Inflamed Imagining: Freedom

Inside the swamp, beside a cypress tree,
White herons in the water, bullfrog croaks
A symphony as dusk, as stealthily
As cat’s feet stalking small, shy birds, evokes
The coming night, the Preacher slowly stokes
The fire blazed in his heart and starts to sing
Songs powerful enough to loosen yokes
White masters forged through endless menacing.

The words he’d use burned deep; he felt their sting
And saw his spirit fire alive in eyes
Awake to dreams, inflamed imagining
Of days spent free beneath glad years of skies.

The darkness deepened underneath the tree.
He’d preach, he thought, then, later on, they’d flee.

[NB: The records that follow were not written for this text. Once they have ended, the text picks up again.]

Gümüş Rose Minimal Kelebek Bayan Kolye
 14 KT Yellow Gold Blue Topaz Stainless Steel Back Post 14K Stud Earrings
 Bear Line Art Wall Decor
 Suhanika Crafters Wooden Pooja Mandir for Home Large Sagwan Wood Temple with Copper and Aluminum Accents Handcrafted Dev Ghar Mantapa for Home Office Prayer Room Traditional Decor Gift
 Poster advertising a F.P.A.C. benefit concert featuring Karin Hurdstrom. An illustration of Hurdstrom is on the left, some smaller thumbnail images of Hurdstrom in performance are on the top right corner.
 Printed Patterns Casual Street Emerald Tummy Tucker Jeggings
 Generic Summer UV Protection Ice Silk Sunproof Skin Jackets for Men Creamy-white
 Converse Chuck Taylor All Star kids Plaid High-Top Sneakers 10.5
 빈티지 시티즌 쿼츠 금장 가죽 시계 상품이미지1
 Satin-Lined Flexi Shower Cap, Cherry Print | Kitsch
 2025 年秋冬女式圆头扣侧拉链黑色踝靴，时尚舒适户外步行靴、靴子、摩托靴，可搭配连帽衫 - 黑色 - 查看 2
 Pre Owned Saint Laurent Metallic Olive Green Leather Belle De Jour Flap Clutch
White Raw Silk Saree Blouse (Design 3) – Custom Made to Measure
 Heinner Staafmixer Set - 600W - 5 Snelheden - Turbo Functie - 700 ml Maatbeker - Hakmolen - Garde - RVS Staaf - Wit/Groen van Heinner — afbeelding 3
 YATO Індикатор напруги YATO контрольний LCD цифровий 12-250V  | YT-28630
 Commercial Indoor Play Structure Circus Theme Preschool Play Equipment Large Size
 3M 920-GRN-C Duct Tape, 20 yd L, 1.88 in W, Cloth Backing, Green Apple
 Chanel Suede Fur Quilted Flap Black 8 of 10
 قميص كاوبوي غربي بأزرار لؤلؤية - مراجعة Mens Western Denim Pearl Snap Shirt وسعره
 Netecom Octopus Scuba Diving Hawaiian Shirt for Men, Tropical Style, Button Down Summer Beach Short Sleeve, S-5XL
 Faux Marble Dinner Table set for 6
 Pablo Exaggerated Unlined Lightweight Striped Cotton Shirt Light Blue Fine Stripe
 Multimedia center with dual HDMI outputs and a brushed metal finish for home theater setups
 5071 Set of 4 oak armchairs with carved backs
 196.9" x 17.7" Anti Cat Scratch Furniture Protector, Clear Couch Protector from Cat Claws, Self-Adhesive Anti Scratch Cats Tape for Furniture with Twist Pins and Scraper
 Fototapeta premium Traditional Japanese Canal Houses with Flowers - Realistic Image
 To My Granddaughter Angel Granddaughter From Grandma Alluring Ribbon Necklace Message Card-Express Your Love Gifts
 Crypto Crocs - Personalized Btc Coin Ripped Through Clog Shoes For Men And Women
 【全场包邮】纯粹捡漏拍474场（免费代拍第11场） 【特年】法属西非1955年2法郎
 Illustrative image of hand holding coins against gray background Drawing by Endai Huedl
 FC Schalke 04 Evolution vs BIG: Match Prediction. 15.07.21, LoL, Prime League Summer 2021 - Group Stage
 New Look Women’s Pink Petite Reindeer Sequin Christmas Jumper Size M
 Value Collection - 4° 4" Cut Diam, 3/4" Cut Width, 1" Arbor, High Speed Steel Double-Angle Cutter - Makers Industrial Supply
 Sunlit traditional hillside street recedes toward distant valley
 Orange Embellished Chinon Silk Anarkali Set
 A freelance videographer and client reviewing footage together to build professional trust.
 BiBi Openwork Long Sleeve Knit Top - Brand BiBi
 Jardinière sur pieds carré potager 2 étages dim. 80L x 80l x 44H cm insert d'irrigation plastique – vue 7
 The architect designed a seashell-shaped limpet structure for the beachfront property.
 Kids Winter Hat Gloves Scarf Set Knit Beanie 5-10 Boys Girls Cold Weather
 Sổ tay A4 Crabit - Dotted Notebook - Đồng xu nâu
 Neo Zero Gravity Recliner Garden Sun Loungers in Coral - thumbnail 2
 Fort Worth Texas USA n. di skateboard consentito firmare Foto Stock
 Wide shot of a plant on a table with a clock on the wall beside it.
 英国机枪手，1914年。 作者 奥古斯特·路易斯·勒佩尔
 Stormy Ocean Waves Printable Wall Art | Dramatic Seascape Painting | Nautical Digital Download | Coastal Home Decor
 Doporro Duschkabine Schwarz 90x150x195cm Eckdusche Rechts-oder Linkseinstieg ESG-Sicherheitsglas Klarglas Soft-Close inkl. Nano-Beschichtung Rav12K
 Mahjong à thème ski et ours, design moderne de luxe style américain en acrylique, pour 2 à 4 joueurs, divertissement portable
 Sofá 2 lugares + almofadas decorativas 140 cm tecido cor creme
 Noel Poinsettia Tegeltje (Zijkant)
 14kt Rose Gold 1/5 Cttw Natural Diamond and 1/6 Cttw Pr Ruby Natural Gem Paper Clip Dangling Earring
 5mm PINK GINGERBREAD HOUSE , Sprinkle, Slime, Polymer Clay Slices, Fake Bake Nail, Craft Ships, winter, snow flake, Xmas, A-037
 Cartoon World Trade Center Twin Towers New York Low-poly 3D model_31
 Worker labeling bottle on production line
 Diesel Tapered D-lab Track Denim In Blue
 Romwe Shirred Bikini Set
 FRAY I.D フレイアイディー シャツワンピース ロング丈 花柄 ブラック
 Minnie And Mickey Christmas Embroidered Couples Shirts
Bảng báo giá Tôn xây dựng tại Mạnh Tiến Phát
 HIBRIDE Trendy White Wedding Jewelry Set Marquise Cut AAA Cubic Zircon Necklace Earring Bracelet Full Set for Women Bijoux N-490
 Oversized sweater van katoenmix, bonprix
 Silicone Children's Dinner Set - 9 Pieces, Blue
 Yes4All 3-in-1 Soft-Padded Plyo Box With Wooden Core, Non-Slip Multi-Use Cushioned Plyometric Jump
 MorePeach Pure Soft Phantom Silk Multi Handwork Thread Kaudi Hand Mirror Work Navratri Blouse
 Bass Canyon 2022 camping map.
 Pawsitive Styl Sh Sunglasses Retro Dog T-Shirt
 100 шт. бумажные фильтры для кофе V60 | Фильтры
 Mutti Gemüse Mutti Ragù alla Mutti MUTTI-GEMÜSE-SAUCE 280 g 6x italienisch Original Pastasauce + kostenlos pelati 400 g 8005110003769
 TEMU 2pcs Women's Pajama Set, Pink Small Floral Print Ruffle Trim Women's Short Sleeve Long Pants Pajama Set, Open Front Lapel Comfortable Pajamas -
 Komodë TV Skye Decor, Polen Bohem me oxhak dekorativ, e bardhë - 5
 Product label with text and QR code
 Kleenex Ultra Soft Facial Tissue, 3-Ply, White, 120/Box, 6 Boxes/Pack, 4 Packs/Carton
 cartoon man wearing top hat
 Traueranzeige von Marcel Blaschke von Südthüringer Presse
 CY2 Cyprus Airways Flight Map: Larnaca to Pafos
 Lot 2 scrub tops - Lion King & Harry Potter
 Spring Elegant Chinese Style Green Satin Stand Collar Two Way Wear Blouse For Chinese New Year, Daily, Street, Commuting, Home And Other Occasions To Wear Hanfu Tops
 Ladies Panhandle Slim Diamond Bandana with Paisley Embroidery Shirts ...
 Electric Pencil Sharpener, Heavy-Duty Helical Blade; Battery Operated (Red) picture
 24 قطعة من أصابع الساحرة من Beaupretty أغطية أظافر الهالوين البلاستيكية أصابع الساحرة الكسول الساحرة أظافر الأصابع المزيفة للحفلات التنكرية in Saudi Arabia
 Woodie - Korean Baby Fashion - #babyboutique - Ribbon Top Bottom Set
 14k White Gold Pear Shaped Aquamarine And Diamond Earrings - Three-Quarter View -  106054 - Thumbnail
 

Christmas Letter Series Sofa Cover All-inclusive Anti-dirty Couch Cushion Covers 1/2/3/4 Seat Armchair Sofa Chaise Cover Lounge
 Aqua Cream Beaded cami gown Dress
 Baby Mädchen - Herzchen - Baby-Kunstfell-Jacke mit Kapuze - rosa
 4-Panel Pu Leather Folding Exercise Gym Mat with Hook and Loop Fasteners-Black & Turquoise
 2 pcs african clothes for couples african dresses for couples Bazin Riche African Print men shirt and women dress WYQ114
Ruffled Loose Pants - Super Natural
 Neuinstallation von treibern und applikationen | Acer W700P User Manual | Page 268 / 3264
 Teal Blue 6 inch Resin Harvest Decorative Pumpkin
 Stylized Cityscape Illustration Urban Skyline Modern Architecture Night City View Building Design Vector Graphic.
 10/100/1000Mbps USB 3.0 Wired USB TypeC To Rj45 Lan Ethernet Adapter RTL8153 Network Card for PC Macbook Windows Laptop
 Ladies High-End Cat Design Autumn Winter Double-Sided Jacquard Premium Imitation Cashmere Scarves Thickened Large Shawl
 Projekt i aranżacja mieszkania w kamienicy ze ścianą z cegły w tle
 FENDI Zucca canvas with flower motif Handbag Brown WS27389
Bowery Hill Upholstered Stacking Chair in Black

Freedom’s First Night, Before Dawn
A Miltonian Sonnet with Two Coda

The white man, with his wide brimmed hat and face
Stunned pale inside a night that breathed with sounds
From woods they’d passed through in their frantic race
Against the coming dawn, turned back around
To look toward the barn that loomed ahead
Of where six families hid in scratchy brush.
He sighed as if he couldn’t flee the dread
He felt in dark before dawn’s first red blush.

“I made a space to hide you runaways,”
He said. He turned again and looked at eyes
That looked at him, cold fear a noxious glaze
Infecting even how the dreaded sun would rise.

“Six families can’t escape at once,” he said.
“I’ve got my family too. They’re still in bed.”

The Preacher looked into the man.
His eyes looked past white outer flesh
Into the place his soul began.
The white man turned again, the mesh

Of eyes surrounding him afraid
To move, to dream, to think they’d leave
This place before their master flayed
Their spirits, made their spirits grieve.

Note:  I’ve included two sonnets from my series on Washington Island’s black community that existed in the 1800s here.  I’ve posted others in the series earlier, although they were not written originally in a chronological order, so they represent how they are written, not how they should appear.  I didn’t know what I was doing at first.  However, the owner of the Fair Isle Bookstore on Washington Island convinced me to write a book about the 1800s black community since no books on that topic exist.  I thought about it, did some research, found some primary source documents, but they were not enough to produce a non-fiction work.  This series of sonnets began to expand.  Then I started writing a novel, which is in progress, with a sonnet ahead of each chapter.  These are the first two chapter heading sonnets in the novel.